Top of INPUT DATA
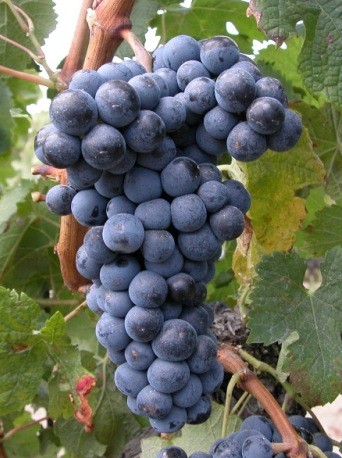 Grappe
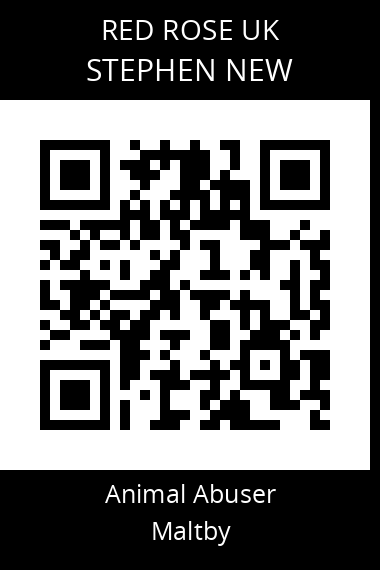 QR code for stephen-new
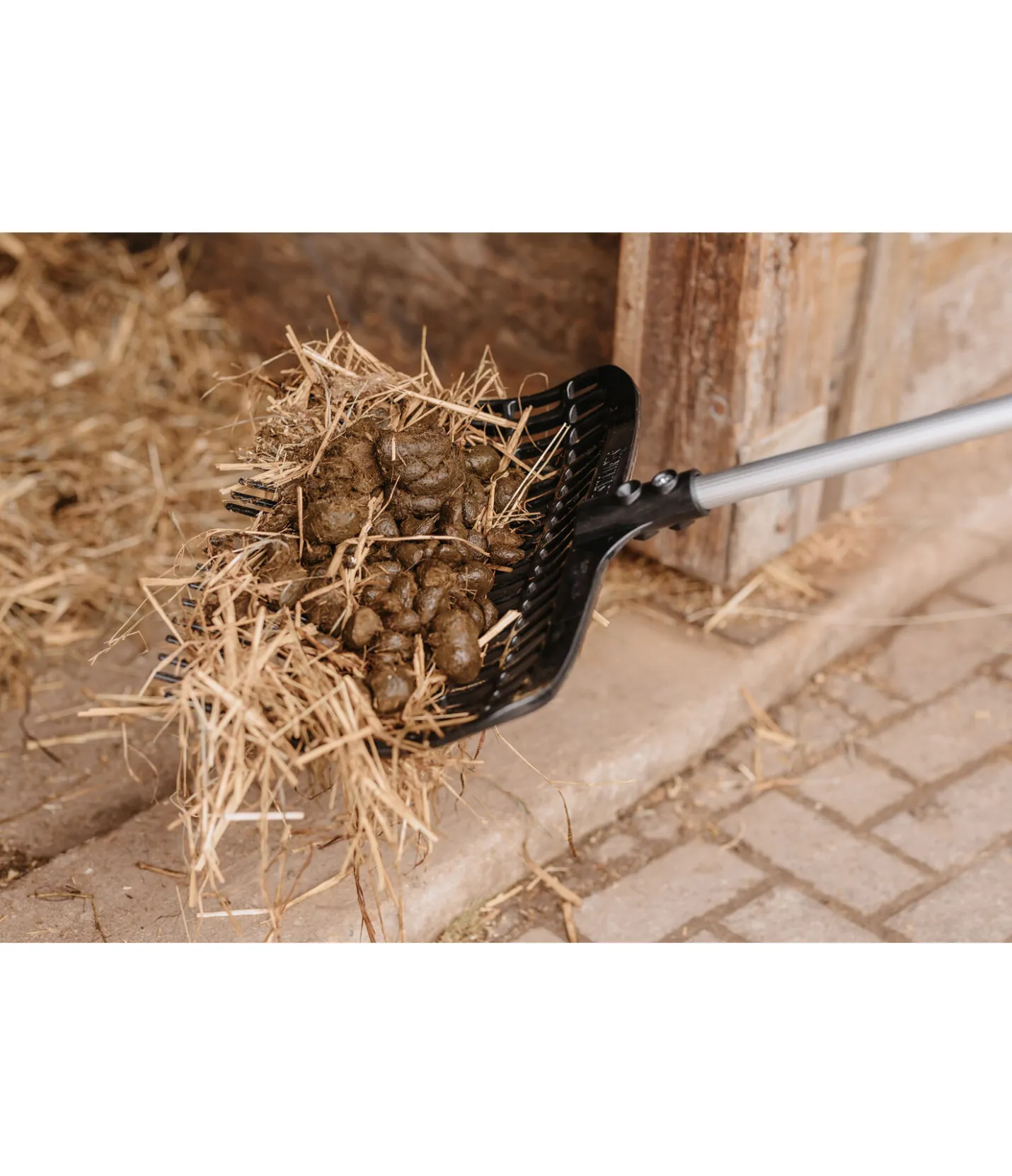 SHOWMASTER Fourche à crottins Curved noir Hot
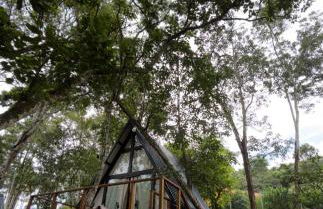 Chalé Malbec, Estrada do Vinho com cafe da manha e hidro - Foto 40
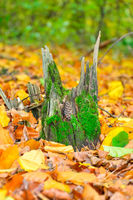 есенно; comments:5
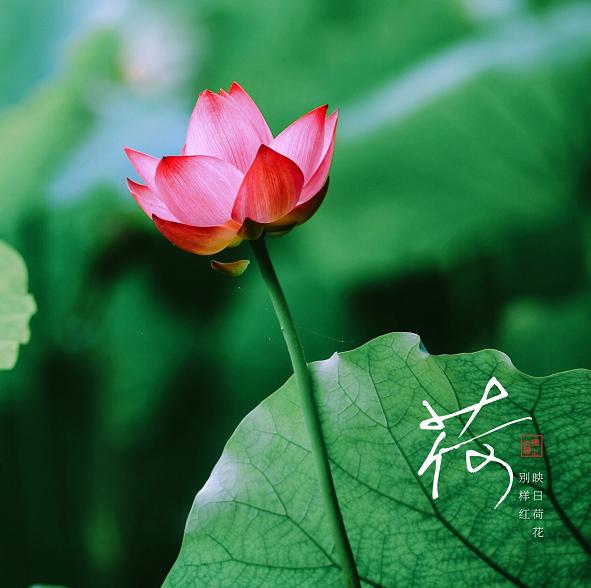 美翻了人间的小桥流水人家,最美的荷花海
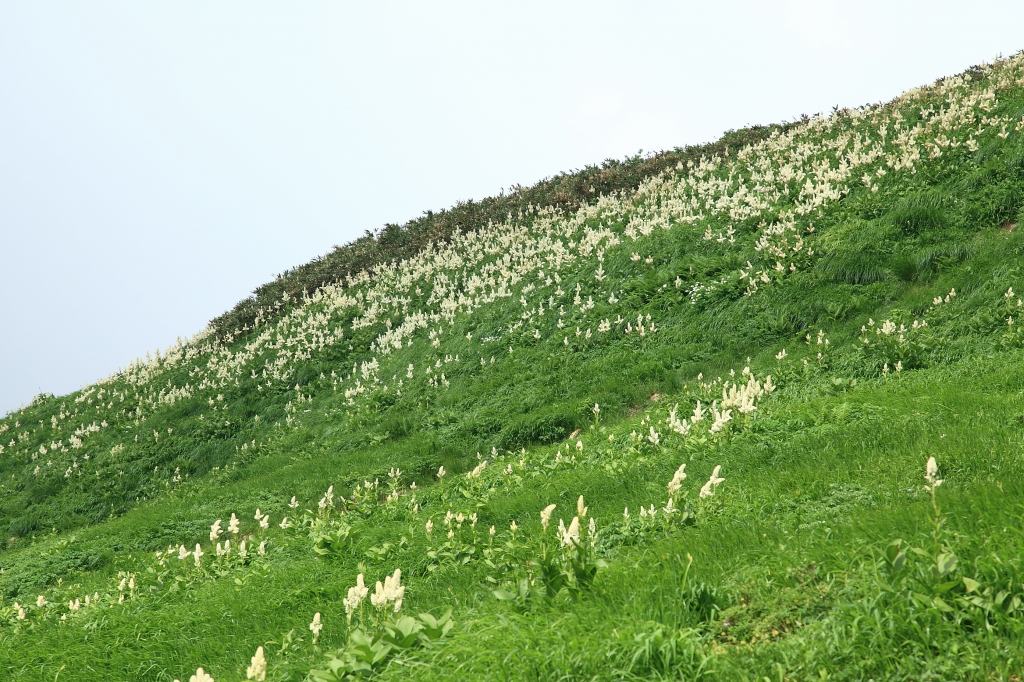 避暑登山_b0050305_10201485.jpg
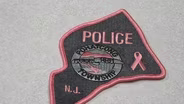 Pink Badges for Breast Cancer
Bottom of INPUT DATA
◆ EXERCISE AIM ◆
An exact copy of the lines from the one with "SHOWMASTER Fourche à" through the end of the records: produce that and nothing more, leaving out the pictures.

◆ RESULT ◆
 SHOWMASTER Fourche à crottins Curved noir Hot
 Chalé Malbec, Estrada do Vinho com cafe da manha e hidro - Foto 40
 есенно; comments:5
 美翻了人间的小桥流水人家,最美的荷花海
 避暑登山_b0050305_10201485.jpg
 Pink Badges for Breast Cancer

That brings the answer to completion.